We will use the breast cancer dataset from the Sklearn library for this example. The breast cancer dataset contains information about the characteristics of breast cancer cells and whether they are malignant or benign. The dataset has 30 features and 569 samples.

Example

  1. 从导入必要的库和加载数据集开始 −

Let’s start by importing the necessary libraries and loading the dataset −

import matplotlib.pyplot as plt
import seaborn as sns
from sklearn.datasets import load_breast_cancer
data = load_breast_cancer()
  1. 接下来,我们将创建数据集平均半径特征的密度图 −

Next, we will create a density plot of the mean radius feature of the dataset −

plt.figure(figsize=(7.2, 3.5))
sns.kdeplot(data.data[:,0], shade=True)
plt.xlabel('Mean Radius')
plt.ylabel('Density')
plt.show()
  1. 在此代码中,我们使用了 Seaborn 中的 kdeplot() 函数来创建数据集平均半径特征的密度图。我们将 kdeplot() 参数设置为 True 来填充阴影曲线下面区域。我们还使用 xlabel()ylabel() 函数为 x 轴和 y 轴添加了标签。

In this code, we have used the kdeplot() function from Seaborn to create a density plot of the mean radius feature of the dataset. We have set the shade parameter to True to shade the area under the curve. We have also added labels to the x and y axes using the xlabel() and ylabel() functions.

  1. 结果密度图显示了数据集中平均半径值概率密度函数。我们可以看到,数据大致呈正态分布,峰值在 12-14 左右。

The resulting density plot shows the probability density function of mean radius values in the dataset. We can see that the data is roughly normally distributed, with a peak around 12-14.

kdeplot function

Density Plot with Multiple Data Sets

  1. 此外,我们还可以使用多个数据集来创建密度图,以比较其概率密度函数。接下来,我们将创建良性和恶性样本的平均半径特征密度图 −

We can also create a density plot with multiple data sets to compare their probability density functions. Let’s create density plots of the mean radius feature for both the malignant and benign samples −

Example

plt.figure(figsize=(7.5, 3.5))
sns.kdeplot(data.data[data.target==0,0], shade=True, label='Malignant')
sns.kdeplot(data.data[data.target==1,0], shade=True, label='Benign')
plt.xlabel('Mean Radius')
plt.ylabel('Density')
plt.legend()
plt.show()
  1. 在此代码中,我们使用了 kdeplot() 函数两次来创建平均半径特征的两个密度图,一个用于良性样本,一个用于恶性样本。我们将 kdeplot() 参数设置为 true 来填充阴影曲线下面区域,并使用 label 参数为图表添加了标签。我们还使用 legend() 函数为图表添加了图例。
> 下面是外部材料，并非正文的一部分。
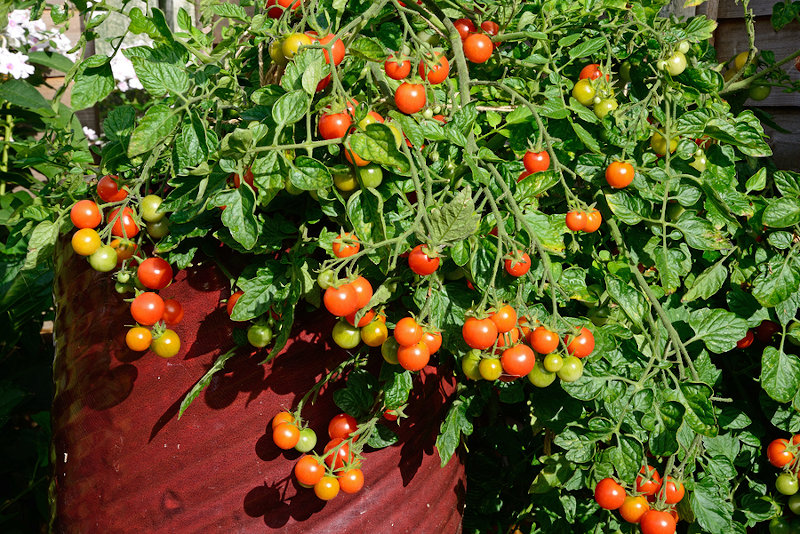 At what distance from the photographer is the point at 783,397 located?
41.4 inches

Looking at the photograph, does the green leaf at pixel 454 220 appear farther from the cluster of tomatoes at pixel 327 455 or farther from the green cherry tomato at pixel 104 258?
the green cherry tomato at pixel 104 258

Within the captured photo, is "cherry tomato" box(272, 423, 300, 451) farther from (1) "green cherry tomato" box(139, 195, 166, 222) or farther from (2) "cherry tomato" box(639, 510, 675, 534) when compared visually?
(2) "cherry tomato" box(639, 510, 675, 534)

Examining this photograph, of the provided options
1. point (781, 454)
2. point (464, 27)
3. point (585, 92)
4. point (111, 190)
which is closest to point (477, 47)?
point (464, 27)

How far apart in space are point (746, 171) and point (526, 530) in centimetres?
87

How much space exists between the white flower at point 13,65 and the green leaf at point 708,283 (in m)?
2.20

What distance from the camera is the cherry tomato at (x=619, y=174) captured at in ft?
3.27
In this code, we have used the kdeplot() function twice to create two density plots of the mean radius feature, one for the malignant samples and one for the benign samples. We have set the shade parameter to True to shade the area under the curve, and we have added labels to the plots using the label parameter. We have also added a legend to the plot using the legend() function.

执行此代码后,您将得到以下绘图作为输出 −

On executing this code, you will get the following plot as the output −

density plot
  1. 结果密度图显示了良性和恶性样本的平均半径值的概率密度函数,我们可以看到良性样本的概率密度函数向右偏移,表示平均半径值较高。

The resulting density plot shows the probability density functions of mean radius values for both the malignant and benign samples. We can see that the probability density function for the malignant samples is shifted to the right, indicating a higher mean radius value.